Intra-tumoral hemorrhagic necrosis is suggestive finding for uterine sarcomas.14 In this study, most lesions showed no intra-tumoral hemorrhage, which may be compatible with benign tumor. SWAN revealed small amount of hemorrhagic change in one lesion with hyalinized necrosis possibly due to partial ischemic changes, and the hemorrhage was considered as secondary change.

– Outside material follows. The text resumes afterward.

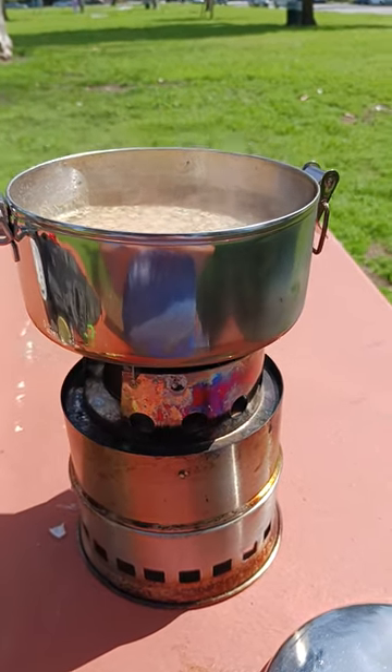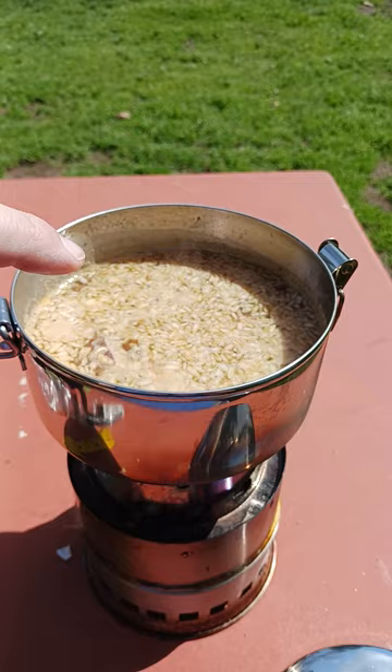All right, so I'm back at you with the midway point in this cold cooking process. What I did was I added my spice mix, I added the rice, I added the pork jerky and all that.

The degree of contrast enhancement on post-contrast T1-weighted images tended to be weaker in the high-intensity areas on T2-weighted images possibly due to unenhanced small cystic spaces formed by the dilatation of abundant tubules. Mitsumori et al. reported two lesions appeared low intensity relative to the myometrium on post-contrast T1-weighted images.7 Meng et al. reviewed 24 solid lesions and the degree of enhancement was either lower than (n = 18) or equal to that of the myometrium (n = 6), and speculated that the lower enhancement was probably due to the reduction of interstitial vessel resulting from the lacunar-like arrangement of tumor cells.9 In our study, early intense contrast-enhanced areas on dynamic contrast-enhanced study were observed dominantly within the high-intensity areas on T2-weighted images probably reflecting neovascularization due to abundant tumor cells. On the other hand, the low-intensity areas on T2-weighted images tended to show weaker enhancement on the early phase and stronger enhancement on post-contrast T1-weighted images. This might be because areas of reactive smooth muscle hypertrophy may not be accompanied with neoplastic neovascularization. Because ordinary leiomyomas show low intensity on T2-weighted images and hypervascularity on dynamic contrast MRI,15,16 hypovascularity of myoma-like low-intensity areas in adenomatoid tumor may be a clue for the differential diagnosis. Leiomyoma with hyaline degeneration also shows low signal intensity on T2-weighted images and does not show intense contrast enhancement in the early phase of dynamic contrast MRI; however, it is not contrast enhanced on post-contrast T1-weighted images. In the current study, dynamic contrast MRI was performed in only 6 lesions, and verification of this finding by additional case numbers is considered necessary.15

The retrospective nature and small population are limitations in this study. Use of multiple field strength and MR devices may also be a limitation. Further studies in larger populations to verify the results are needed. Another limitation of this study is case selection bias. In this study, we included relatively large lesions for which MR images could be correlated with pathology and did not include small lesions found incidentally in hysterectomy specimens. However, small lesions are unlikely to be clinically problematic to differentiate from leiomyomas.

Conclusion

Uterine adenomatoid tumors may mimic leiomyomas on MR imaging; however, uterine outer myometrial mass with admixture of well-defined low-intensity areas and ill-defined high-intensity areas on T2-weighted images may be suggestive of adenomatoid tumor. Especially, peripheral ring-like high intensity on T2-weighted images and DWI may also be suggestive. Relatively high ADC and absence of intra-tumoral hemorrhage may suggest its benignity. Dynamic contrast-enhanced MR study may be helpful for the differentiation from leiomyoma.

Footnotes

Conflicts of interest

The authors declare that they have no conflicts of interest.